Normalization
The Normalization Service is a microservice responsible for pre-processing text inputs to ensure a standardized and consistent format before they are sent to the TTS synthesis process. It uses a modular design, allowing flexibility in managing text transformations such as punctuation adjustments, number-to-word conversions, date formatting, and abbreviation expansions.
This service supports multiple languages and can be configured via a rules.toml
file, making it easy to adapt to new use cases or languages.
Functionality
Key Features:
-
Text Normalization:
Converts raw text into a predictable, synthesis-ready format. Handles various textual elements including punctuation, numbers, and abbreviations. -
Multi-Language Support:
Adapts normalization rules based on the language (e.g.,pt
for Portuguese,en
for English). -
gRPC Communication:
Offers aNormalize
method to process text requests from the TTS server and returns aNormalizeResponse
with the transformed text. -
Modularity:
Rules are implemented as independent modules, which can be enabled or disabled through the configuration file.
Architecture
Core Logic:
- The
Normalizer
class is the entry point for applying normalization rules. - Rules are dynamically loaded based on the configuration file.
Rule Modules:
- Each rule is a separate class inheriting from a
NormalizationRule
base class.
gRPC Service:
- File:
normalizer.py
- Defines the
NormalizerService
and handles requests via gRPC.
Implementation
File: normalizer.py
The NormalizerService
initializes the Normalizer
class with a rule configuration and exposes the Normalize
method:
class NormalizerService(normalizer_pb2_grpc.NormalizerServiceServicer):
def __init__(self, args):
if args.rules is None:
args.rules = NORMALIZER_RULES
self.normalizer = Normalizer(args.rules)
def Normalize(self, request, context):
normalized_text = self.normalizer.normalize_text(request.text.strip())
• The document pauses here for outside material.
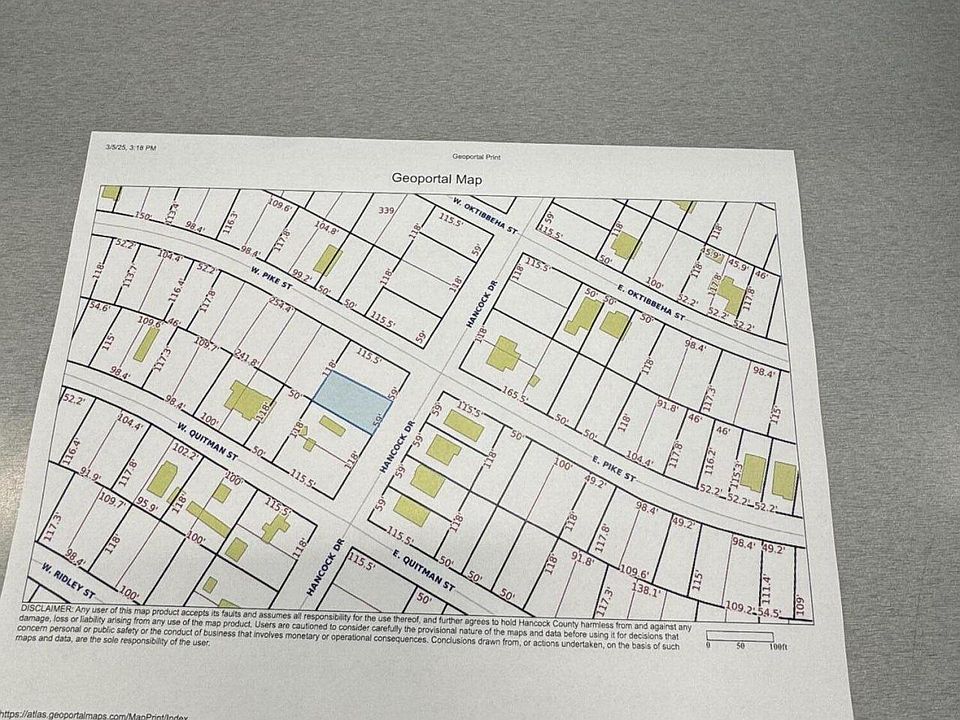 2nd image of Hancock St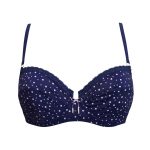 Reggiseno Verdissima ferretto pois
return normalizer_pb2.NormalizeResponse(normalized_text=normalized_text)
The service listens on a configurable port (NORMALIZER_PORT
) and communicates with other components using gRPC.
Rules
Punctuation Handling
- File:
punctuation_handling.py
- Functionality: Removes or replaces specified punctuation marks and reduces multiple consecutive spaces to a single space.
Example:
Input: "Olá, mundo!"
Output: "Olá mundo"
Configuration (rules.toml
):
[rules.punctuation_handling]
enabled = true
remove = ["!", "?"]
replace_with_space = [",", ";"]
Number Conversion
- File:
number_conversion.py
- Functionality: Converts numbers into words and handles percentages, ordinals, fractions, and ranges.
Example:
Input: "25%" (language: pt)
Output: "vinte e cinco por cento"
Configuration (rules.toml
):
[rules.number_conversion]
enabled = true
detect_percentage = true
detect_years = true
detect_ordinal = true
handle_fractions = true
handle_ranges = true
handle_currency = true
supported_currency = ["USD", "EUR"] # Example
currency_map = "path/to/currency_map.json"
type = "long" # Example
Date Conversion
- File:
date_conversion.py
- Functionality: Converts date formats into words and supports partial dates (e.g., "January 2020").
Example:
Input: "2022-12-25"
Output: "vinte e cinco de dezembro de dois mil e vinte e dois"
Configuration (rules.toml
):
[rules.date_conversion]
enabled = true
allowed_separator = ["-", "/"]
formats = ["yyyy-MM-dd", "MM/dd/yyyy"]
Custom Replacements
- File:
custom_replacements.py
- Functionality: Replaces patterns defined in a
custom_replacements.json
file.
Example:
Input: "IA é fascinante"
Output: "Inteligência Artificial é fascinante"
Configuration (rules.toml
):
[rules.custom_replacements]
case_sensitive = false
use_regex_flags = true
Abbreviations
- File:
abbreviations.py
- Functionality: Expands abbreviations using a
abbreviations.json
mapping file.
Example:
Input: "Dr. Silva"
Output: "Doutor Silva"
Configuration (rules.toml
):
[rules.abbreviations]
enabled = true
abbreviation_file = "abbreviations.json"
Configuration
File: rules.toml
This file allows enabling/disabling specific rules and defining their parameters. For example:
[rule_order]
rules = ["punctuation_handling", "number_conversion", "date_conversion", "abbreviations"]
[punctuation_handling]
enabled = true
remove = ["!", "?"]
replace_with_space = [",", ";"]
[number_conversion]
enabled = true
handle_currency = true
detect_percentage = true
detect_ordinal = true
[date_conversion]
enabled = true
formats = ["yyyy-MM-dd", "MM/dd/yyyy"]
[abbreviations]
enabled = true
abbreviation_file = "abbreviations.json"
Workflow
Input:
"Dr. Silva deve $25,50 desde 01/01/2022."
Steps:
-
Abbreviation Expansion:
"Doutor Silva deve $25,50 desde 01/01/2022."
-
Number Conversion:
"Doutor Silva deve vinte e cinco dólares e cinquenta cêntimos desde 01/01/2022."
-
Date Conversion:
"Doutor Silva deve vinte e cinco dólares e cinquenta cêntimos desde o primeiro de janeiro de dois mil e vinte e dois."
Output:
"Doutor Silva deve vinte e cinco dólares e cinquenta cêntimos desde o primeiro de janeiro de dois mil e vinte e dois."`